PortandTerminal.com, November 23, 2019
Russian nuclear agency wants to capitalize on the potential of the Northern Sea Route through a huge newbuilding push.
MOSCOW – Unlike CMA CGM, Hapag-Lloyd, MSC, Nike, H&M and other Western progressive companies that have pledged to avoid the Northern Sea Route (NSR) due to environmental concerns, Rosatom has been officially tasked by the Russian government with maximizing the Arctic region’s economic potential.
Rosatom, the Russian state nuclear power agency, is planning a massive expansion in the maritime shipping market with an investment of up to $7bn.
Reportedly, now Rosatom aims to become one of the top 15 maritime shippers in the world, transporting cargo from South-East Asia to Europe via the Arctic Northern Sea route, competing with alternative routes on the Pacific and Indian oceans, the Suez channel, and the Mediterranean.
Rosatom was selected by the Russian government to operate the NSR – the Arctic route Moscow wants to turn into a new Suez – coordinating the development of the project among its users.
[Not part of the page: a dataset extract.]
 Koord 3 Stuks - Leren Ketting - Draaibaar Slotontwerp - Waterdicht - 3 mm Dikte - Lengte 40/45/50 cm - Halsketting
Why invest in the Northern Sea Route?
Why invest in the Northern Sea Route? Because it offers a shorter route between Asia and Europe. Ship routes from Europe to eastern Asia would be 4,000 kilometers (2,500 miles) shorter. That saves time, fuel and money.
The Northern Sea Route may cut travel time from Europe to Asia by 40% and allow Russia to export its vast natural resources much faster.
Rosatom is betting that there will be no shortage of shippers and shipping lines that like the proposition of saving time and money. They’re probably right. While major many Western players have come out against using the NSR, others such as DP World have said that they’re ready to support Russia in its push northwards. Others will jump on board too.